What to produce. I'd like every entry returned exactly as it is, with the images left out.

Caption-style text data
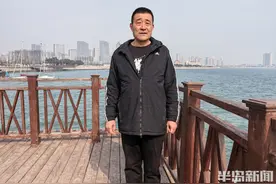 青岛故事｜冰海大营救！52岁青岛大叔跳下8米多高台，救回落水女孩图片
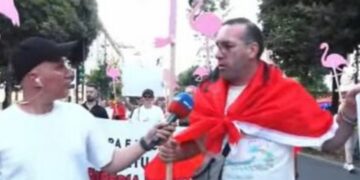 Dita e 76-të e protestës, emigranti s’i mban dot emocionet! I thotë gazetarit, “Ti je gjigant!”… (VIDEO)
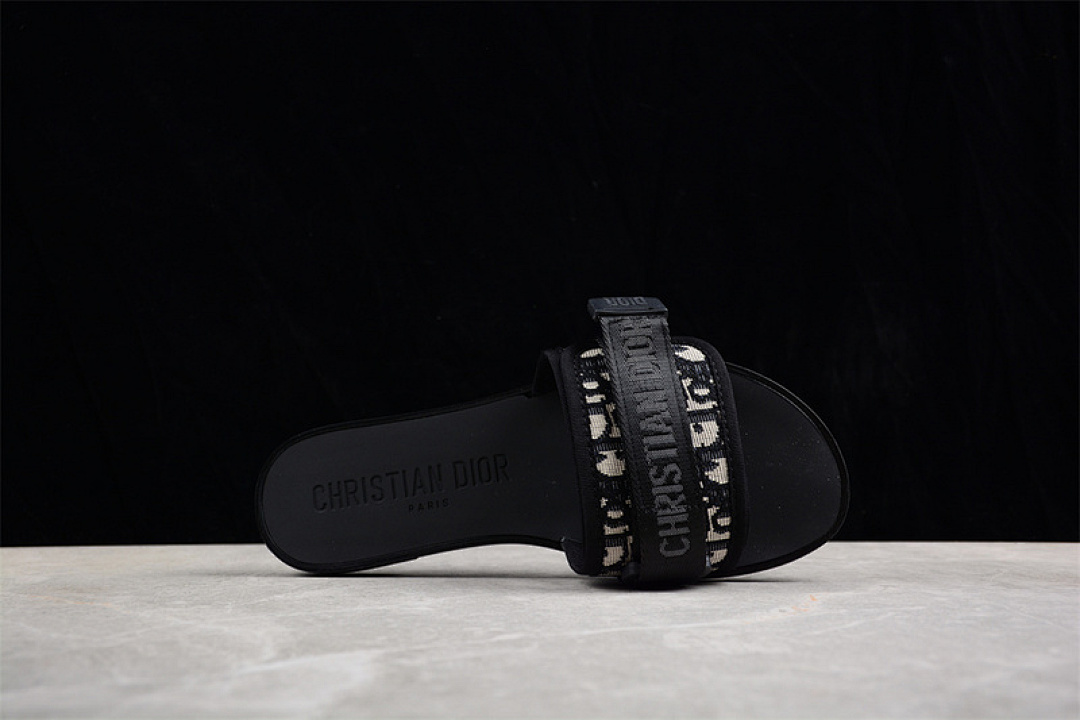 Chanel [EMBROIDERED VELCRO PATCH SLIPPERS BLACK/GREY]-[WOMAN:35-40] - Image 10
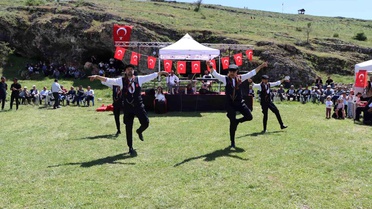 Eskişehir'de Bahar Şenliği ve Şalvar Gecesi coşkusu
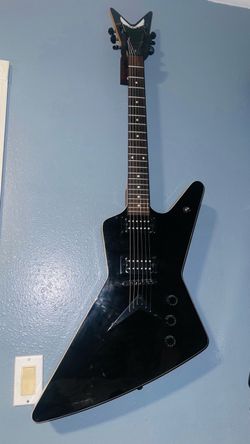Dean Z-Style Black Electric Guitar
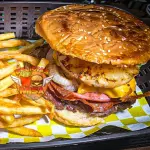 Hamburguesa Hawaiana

Response to the exercise.
 青岛故事｜冰海大营救！52岁青岛大叔跳下8米多高台，救回落水女孩图片
 Dita e 76-të e protestës, emigranti s’i mban dot emocionet! I thotë gazetarit, “Ti je gjigant!”… (VIDEO)
 Chanel [EMBROIDERED VELCRO PATCH SLIPPERS BLACK/GREY]-[WOMAN:35-40] - Image 10
 Eskişehir'de Bahar Şenliği ve Şalvar Gecesi coşkusu
Dean Z-Style Black Electric Guitar
 Hamburguesa Hawaiana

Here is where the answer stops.